# Table of Contents
1. [Introduction](README.md#introduction)
2. [Challenge summary](README.md#challenge-summary)
3. [Details of challenge](README.md#details-of-challenge)
4. [Input files](README.md#input-files)
5. [Output file](README.md#output-file)
6. [Percentile computation](README.md#percentile-computation)
7. [Example](README.md#example)
8. [Writing clean, scalable and well-tested code](README.md#writing-clean-scalable-and-well-tested-code)
9. [Repo directory structure](README.md#repo-directory-structure)
10. [Testing your directory structure and output format](README.md#testing-your-directory-structure-and-output-format)
11. [Instructions to submit your solution](README.md#instructions-to-submit-your-solution)
12. [FAQ](README.md#faq)
# Introduction
You’re a data engineer working for political consultants whose clients are cash-strapped political candidates. They've asked for help analyzing loyalty trends in campaign contributions, namely identifying areas of repeat donors and calculating how much they're spending.
The Federal Election Commission regularly publishes campaign contributions, and while you don’t want to pull specific donors from those files — because using that information for fundraising or commercial purposes is illegal — you want to identify areas (zip codes) that could be sources of repeat campaign contributions.
# Challenge summary
For this challenge, we're asking you to take a file listing individual campaign contributions for multiple years, determine which ones came from repeat donors, calculate a few values and distill the results into a single output file, `repeat_donors.txt`.

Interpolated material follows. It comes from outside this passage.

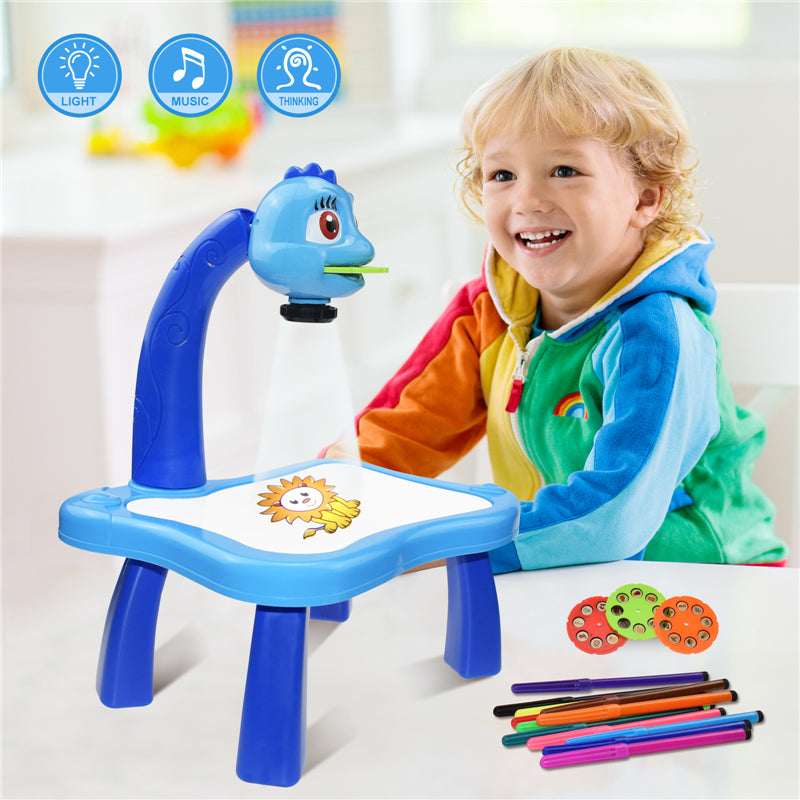 Mesa Table OfertKids - Mesa de Desenhos Interativos Infantil + Brindes Exclusivo (PROMOÇÃO)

For each recipient, zip code and calendar year, calculate these three values for contributions coming from repeat donors:
* total dollars received
* total number of contributions received
* donation amount in a given percentile
The political consultants, who are primarily interested in donors who have contributed in multiple years, are concerned about possible outliers in the data. So they have asked that your program allow for a variable percentile. That way the program could calculate the median (or the 50th percentile) in one run and the 99th percentile in another.
Another developer has been placed in charge of building the graphical user
interface with a dashboard showing the latest metrics on repeat donors, among other things.
Your role on the project is to work on the data pipeline that will hand off the information to the front-end. As the backend data engineer, you do **not** need to display the data or work on the dashboard but you do need to provide the information.
You can assume there is another process that takes what is written to the output file and sends it to the front-end. If we were building this pipeline in real life, we’d probably have another mechanism to send the output to the GUI rather than writing to a file. However, for the purposes of grading this challenge, we just want you to write the output to files.
# Details of challenge
You’re given two input files.
1. `percentile.txt`, holds a single value -- the percentile value (1-100) that your program will be asked to calculate.
2. `itcont.txt`, has a line for each campaign contribution that was made on a particular date from a donor to a political campaign, committee or other similar entity.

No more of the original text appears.